▸ **WHAT THIS TASK INVOLVES**:
The task for the listing below is to write out exactly the lines starting at the one containing "25/0202 gieves &" and ending at the one containing "Licensed Character Men's", both included. Pictures are to be omitted.

▸ **DATA SUPPLIED**:
=== Begin Enclosure ===
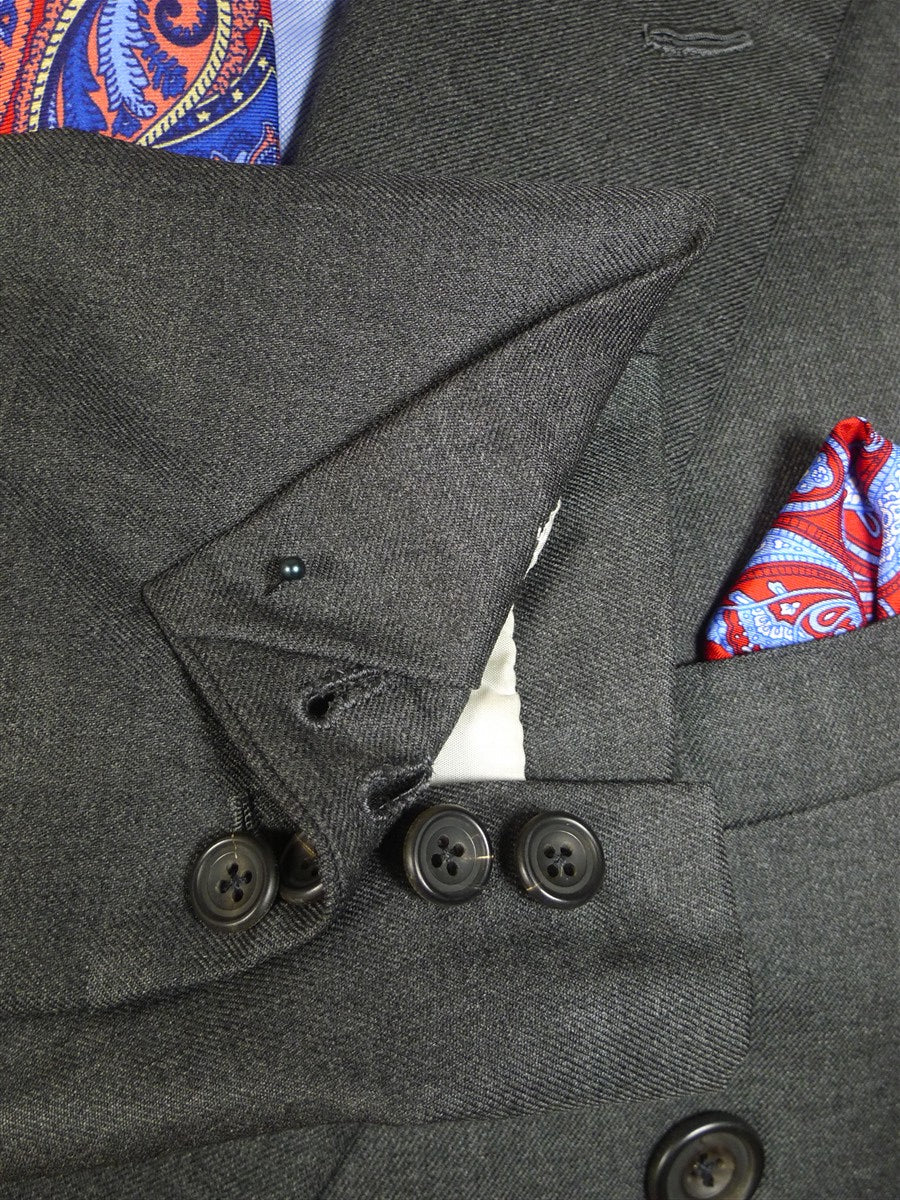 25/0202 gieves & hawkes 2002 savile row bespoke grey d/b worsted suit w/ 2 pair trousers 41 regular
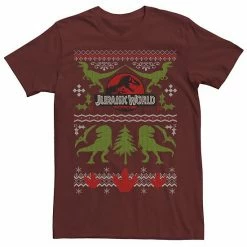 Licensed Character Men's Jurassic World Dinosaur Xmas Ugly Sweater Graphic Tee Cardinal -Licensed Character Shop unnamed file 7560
=== End Enclosure ===
=== Begin Enclosure ===
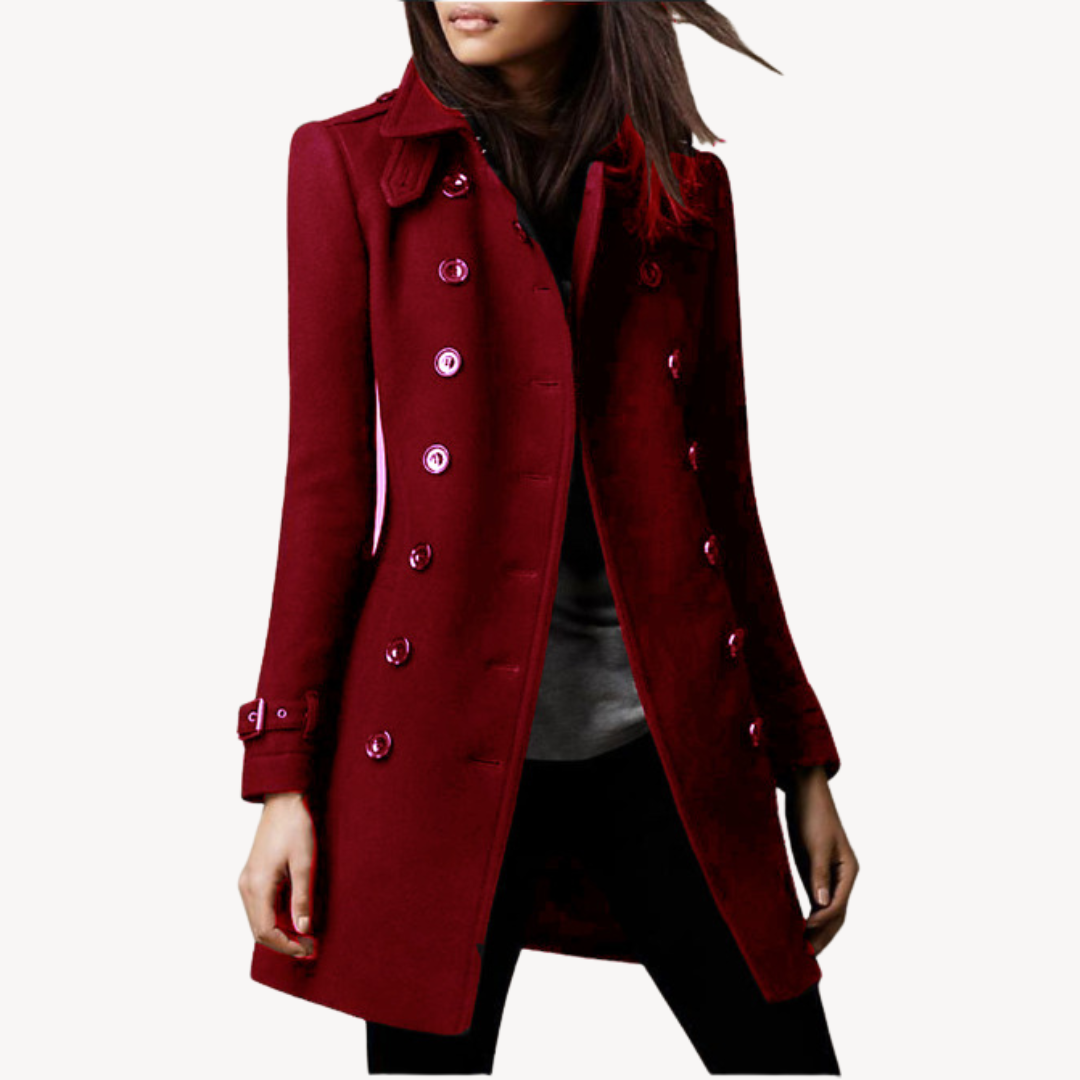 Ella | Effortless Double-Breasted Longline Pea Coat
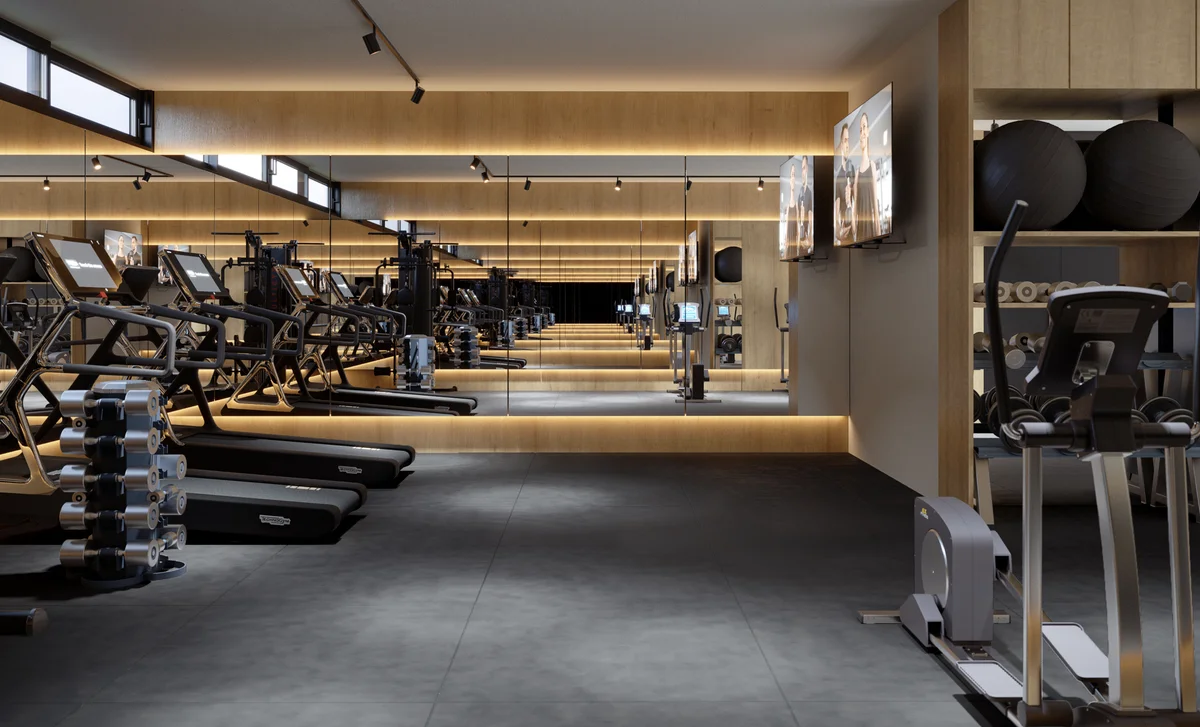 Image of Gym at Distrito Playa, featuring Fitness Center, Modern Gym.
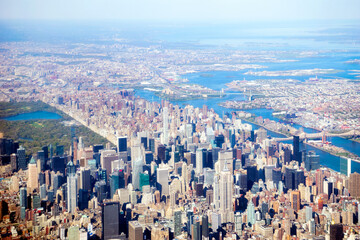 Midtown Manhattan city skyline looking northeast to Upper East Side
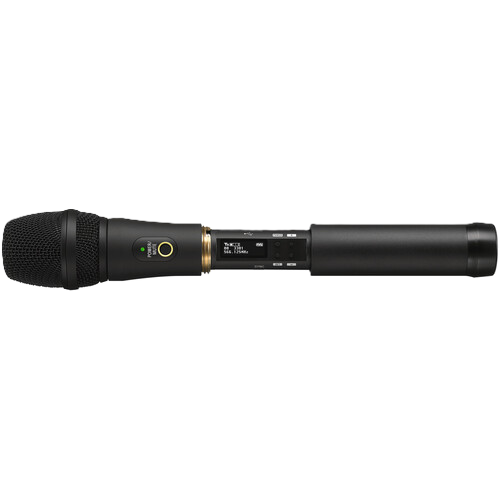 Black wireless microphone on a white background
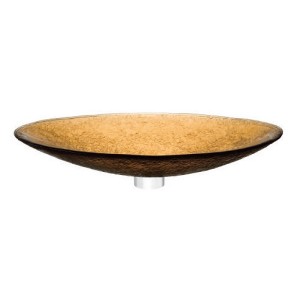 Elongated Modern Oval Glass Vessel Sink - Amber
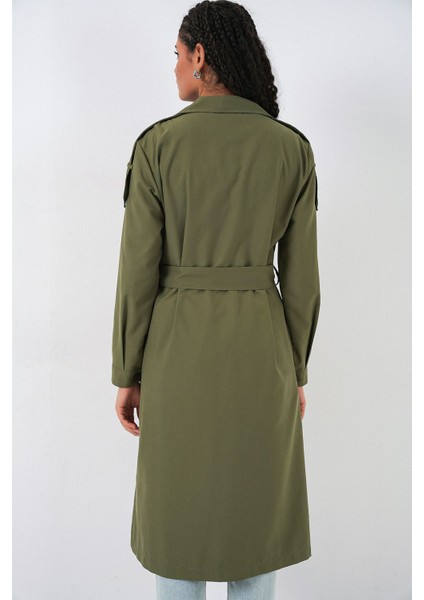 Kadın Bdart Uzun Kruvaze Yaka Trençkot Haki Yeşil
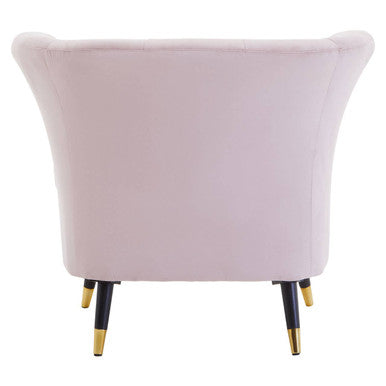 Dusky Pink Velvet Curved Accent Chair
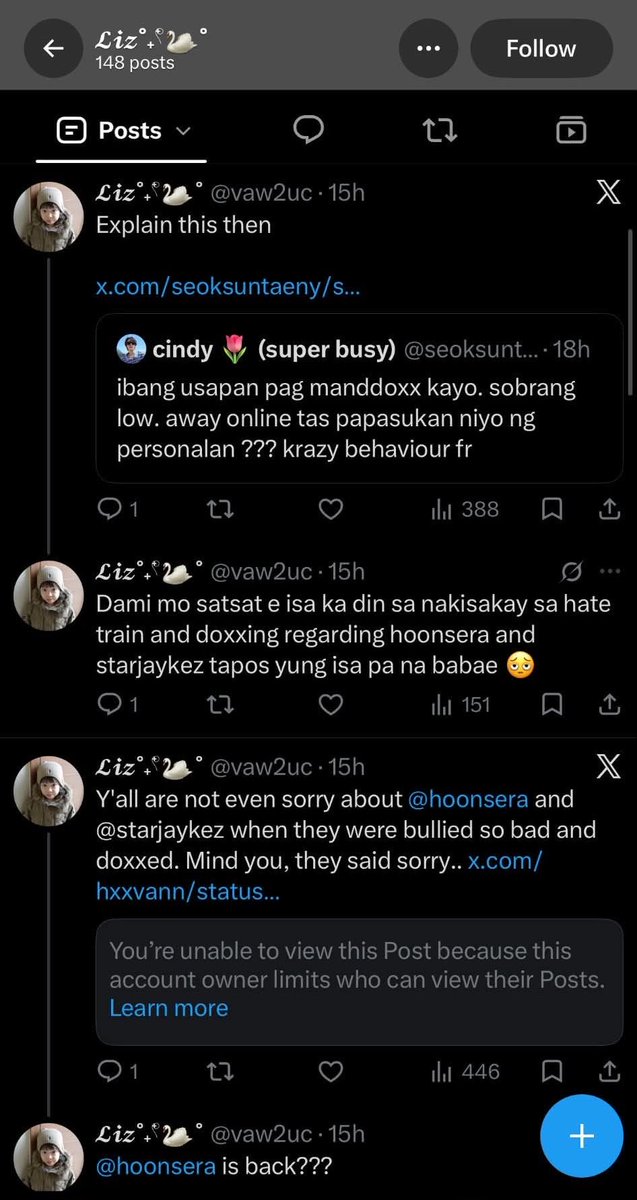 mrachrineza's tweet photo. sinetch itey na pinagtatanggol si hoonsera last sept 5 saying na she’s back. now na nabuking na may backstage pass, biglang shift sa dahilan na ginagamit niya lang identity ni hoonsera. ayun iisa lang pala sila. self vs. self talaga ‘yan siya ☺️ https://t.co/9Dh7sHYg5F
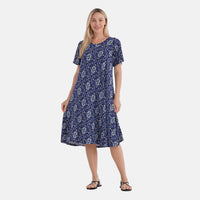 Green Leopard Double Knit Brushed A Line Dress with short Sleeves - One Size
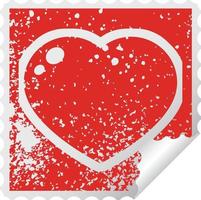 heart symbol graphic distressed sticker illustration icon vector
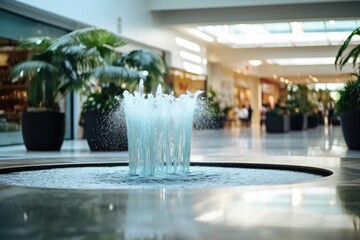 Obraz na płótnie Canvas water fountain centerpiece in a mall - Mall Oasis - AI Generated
=== End Enclosure ===
▸ **WRITTEN RESPONSE**:
 25/0202 gieves & hawkes 2002 savile row bespoke grey d/b worsted suit w/ 2 pair trousers 41 regular
 Licensed Character Men's Jurassic World Dinosaur Xmas Ugly Sweater Graphic Tee Cardinal -Licensed Character Shop unnamed file 7560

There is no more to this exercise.